Passion for North Wales grasslands helps grow range of cheeses


Carrie Rimes never tires of the drive to the sheep farm on the Llyn Peninsula, North Wales, where she collects milk to make her cheese.  

Carrie Rimes

“It’s a very bosky part of the world,” she says. “Damp meadows, high hedgerows and tree-lined fields, but with views of the hills. Everywhere is covered in pink campions at the moment.”

The scenery is so beautiful that she often stops to take photos and plans to create a gallery on her computer, set to music written by her fiddle-playing son. 

Rimes’ interest in nature is deeply rooted. She grew up on a farm in West Devon, where she made cheese with her mother in the kitchen, and has spent her adult life in the wilds of North Wales, where she worked for 24 years as a grassland scientist, researching the ecology and conservation of Welsh grasslands. 

When her son left for university in 2011, she took a different direction, learning to make cheese in France, eventually spending three years on a farm in the Auvergne. She also acquired more understanding of how dairy farming and nature can work together.

“As an ecologist, I got so fed up with species-rich grasslands being treated as museum pieces,” she says. “We need to make economic use of their biodiversity, which is second nature in France, where they understand that flower-filled meadows make interesting cheese.”

Her experiences underpin her cheese business Cosyn Cymru (‘Welsh Truckle’), which she set up in 2015, after returning from France with the idea of making Welsh sheep’s cheese. Initially, she struggled to find farmers to work with, but Rimes has slowly managed to encourage three local farms to move into grass-fed sheep’s milk, which she uses to make several unpasteurised cheeses. The most well-known of these is the lactic Brefu Bach (‘Little Bleat’) that recently picked up the coveted James Aldridge Memorial Trophy from the SCA.

The supplying farms are tiny, even by artisan cheese standards. Derwen Gam (‘Crooked Oak’) on the Llŷn Peninsula milks just 80 Llŷn breed sheep. Rimes also collects from an Anglesey start-up with 100 Lacaune/East Friesians and a farm on the edge of Snowdonia National Park with a mixed flock of traditional breeds. The land they graze bursts with plants, such as yarrow, red clover, butterfly orchids and wild thyme.

“We used to have a mosaic of different grasslands, but these are rapidly disappearing,” says Rimes. “A lot of milk isn’t produced on grass at all in this country and if animals are grass-fed, they are often on sugar-rich rye grass and clover, which produces loads of milk. Having a mixture of grasses, herbs and flowers is less productive, but you get much richer, more interesting milk for cheesemaking. It’s also much better for insect life, bird populations, soil health, carbon storage and reducing nitrogen run-off.”

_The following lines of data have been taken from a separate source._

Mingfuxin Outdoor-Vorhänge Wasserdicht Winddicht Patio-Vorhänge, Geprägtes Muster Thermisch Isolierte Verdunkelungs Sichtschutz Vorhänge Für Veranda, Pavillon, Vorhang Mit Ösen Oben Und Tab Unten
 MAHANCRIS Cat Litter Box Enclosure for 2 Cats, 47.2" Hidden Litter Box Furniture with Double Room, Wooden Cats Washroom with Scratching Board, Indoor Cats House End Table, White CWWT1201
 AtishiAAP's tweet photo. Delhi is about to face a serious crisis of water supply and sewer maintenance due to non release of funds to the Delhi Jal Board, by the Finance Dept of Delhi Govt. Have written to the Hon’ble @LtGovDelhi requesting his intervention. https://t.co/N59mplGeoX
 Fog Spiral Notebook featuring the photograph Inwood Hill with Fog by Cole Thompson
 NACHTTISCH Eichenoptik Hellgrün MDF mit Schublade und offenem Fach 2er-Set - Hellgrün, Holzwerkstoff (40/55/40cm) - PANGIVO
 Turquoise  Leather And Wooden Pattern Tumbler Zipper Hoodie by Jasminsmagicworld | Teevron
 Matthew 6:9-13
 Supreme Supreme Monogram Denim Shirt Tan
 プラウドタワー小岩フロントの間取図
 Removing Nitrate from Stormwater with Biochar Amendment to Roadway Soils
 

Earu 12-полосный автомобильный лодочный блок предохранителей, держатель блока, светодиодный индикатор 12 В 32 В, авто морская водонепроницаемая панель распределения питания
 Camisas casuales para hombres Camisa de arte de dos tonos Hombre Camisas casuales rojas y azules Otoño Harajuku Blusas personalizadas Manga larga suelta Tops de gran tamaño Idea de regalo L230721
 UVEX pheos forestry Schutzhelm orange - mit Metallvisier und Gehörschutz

Cosyn Cymru takes around 16,000 litres of milk a year from the farms, which equates to 350-500 Brefu Bach and 40kg of hard cheese a week, made by Rimes in space rented from Anglesey cheesemaker Caws Rhyd Y Delyn. Work is nearly finished on Cosyn Cymru’s own dairy at a former church in Bethesda, near Snowdonia, which will feature specialist maturing rooms, plus capacity to handle up to 70,000 litres of milk a year. It should be operational by the autumn, ready for the first flush of spring milk in 2022. 

This is good news for delis and farm shops across the UK, who will be able to buy Rimes’ cheeses more easily, but also for the grasslands of North Wales.